• _TASK DATA_:
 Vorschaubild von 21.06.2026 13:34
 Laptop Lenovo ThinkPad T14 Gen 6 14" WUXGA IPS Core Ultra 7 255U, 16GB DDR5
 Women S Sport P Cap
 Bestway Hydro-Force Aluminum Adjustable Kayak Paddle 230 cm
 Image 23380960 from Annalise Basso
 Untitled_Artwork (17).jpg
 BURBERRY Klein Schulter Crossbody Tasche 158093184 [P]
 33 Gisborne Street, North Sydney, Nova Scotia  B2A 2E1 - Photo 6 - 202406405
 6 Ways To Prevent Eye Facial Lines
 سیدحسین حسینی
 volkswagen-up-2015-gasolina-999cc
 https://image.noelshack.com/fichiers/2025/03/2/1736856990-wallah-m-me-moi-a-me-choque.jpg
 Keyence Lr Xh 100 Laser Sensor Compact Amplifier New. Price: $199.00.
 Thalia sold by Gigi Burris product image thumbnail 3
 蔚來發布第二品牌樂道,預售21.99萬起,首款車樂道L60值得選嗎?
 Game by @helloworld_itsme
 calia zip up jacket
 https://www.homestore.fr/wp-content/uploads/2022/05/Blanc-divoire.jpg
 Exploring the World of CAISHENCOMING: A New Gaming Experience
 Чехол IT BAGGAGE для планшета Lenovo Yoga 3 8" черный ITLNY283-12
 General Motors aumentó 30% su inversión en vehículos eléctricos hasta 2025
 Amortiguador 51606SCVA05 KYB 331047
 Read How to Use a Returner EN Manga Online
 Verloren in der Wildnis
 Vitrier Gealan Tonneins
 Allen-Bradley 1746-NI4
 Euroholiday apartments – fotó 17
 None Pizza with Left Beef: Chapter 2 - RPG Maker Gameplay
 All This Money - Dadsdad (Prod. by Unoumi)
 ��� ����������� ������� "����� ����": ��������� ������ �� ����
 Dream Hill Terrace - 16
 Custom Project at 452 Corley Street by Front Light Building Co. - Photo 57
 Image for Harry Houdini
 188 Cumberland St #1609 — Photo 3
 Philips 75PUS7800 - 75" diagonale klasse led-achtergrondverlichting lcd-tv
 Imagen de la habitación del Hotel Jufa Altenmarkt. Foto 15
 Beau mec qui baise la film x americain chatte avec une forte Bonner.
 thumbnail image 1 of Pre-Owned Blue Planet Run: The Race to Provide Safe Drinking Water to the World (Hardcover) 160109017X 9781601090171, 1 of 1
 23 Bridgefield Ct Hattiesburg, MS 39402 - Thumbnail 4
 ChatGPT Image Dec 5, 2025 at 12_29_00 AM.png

• _TASK ITEM_:
Reproduce every entry above exactly as it was written.

• _COMPLETED EXERCISE_:
 Vorschaubild von 21.06.2026 13:34
 Laptop Lenovo ThinkPad T14 Gen 6 14" WUXGA IPS Core Ultra 7 255U, 16GB DDR5
 Women S Sport P Cap
 Bestway Hydro-Force Aluminum Adjustable Kayak Paddle 230 cm
 Image 23380960 from Annalise Basso
 Untitled_Artwork (17).jpg
 BURBERRY Klein Schulter Crossbody Tasche 158093184 [P]
 33 Gisborne Street, North Sydney, Nova Scotia  B2A 2E1 - Photo 6 - 202406405
 6 Ways To Prevent Eye Facial Lines
 سیدحسین حسینی
 volkswagen-up-2015-gasolina-999cc
 https://image.noelshack.com/fichiers/2025/03/2/1736856990-wallah-m-me-moi-a-me-choque.jpg
 Keyence Lr Xh 100 Laser Sensor Compact Amplifier New. Price: $199.00.
 Thalia sold by Gigi Burris product image thumbnail 3
 蔚來發布第二品牌樂道,預售21.99萬起,首款車樂道L60值得選嗎?
 Game by @helloworld_itsme
 calia zip up jacket
 https://www.homestore.fr/wp-content/uploads/2022/05/Blanc-divoire.jpg
 Exploring the World of CAISHENCOMING: A New Gaming Experience
 Чехол IT BAGGAGE для планшета Lenovo Yoga 3 8" черный ITLNY283-12
 General Motors aumentó 30% su inversión en vehículos eléctricos hasta 2025
 Amortiguador 51606SCVA05 KYB 331047
 Read How to Use a Returner EN Manga Online
 Verloren in der Wildnis
 Vitrier Gealan Tonneins
 Allen-Bradley 1746-NI4
 Euroholiday apartments – fotó 17
 None Pizza with Left Beef: Chapter 2 - RPG Maker Gameplay
 All This Money - Dadsdad (Prod. by Unoumi)
 ��� ����������� ������� "����� ����": ��������� ������ �� ����
 Dream Hill Terrace - 16
 Custom Project at 452 Corley Street by Front Light Building Co. - Photo 57
 Image for Harry Houdini
 188 Cumberland St #1609 — Photo 3
 Philips 75PUS7800 - 75" diagonale klasse led-achtergrondverlichting lcd-tv
 Imagen de la habitación del Hotel Jufa Altenmarkt. Foto 15
 Beau mec qui baise la film x americain chatte avec une forte Bonner.
 thumbnail image 1 of Pre-Owned Blue Planet Run: The Race to Provide Safe Drinking Water to the World (Hardcover) 160109017X 9781601090171, 1 of 1
 23 Bridgefield Ct Hattiesburg, MS 39402 - Thumbnail 4
 ChatGPT Image Dec 5, 2025 at 12_29_00 AM.png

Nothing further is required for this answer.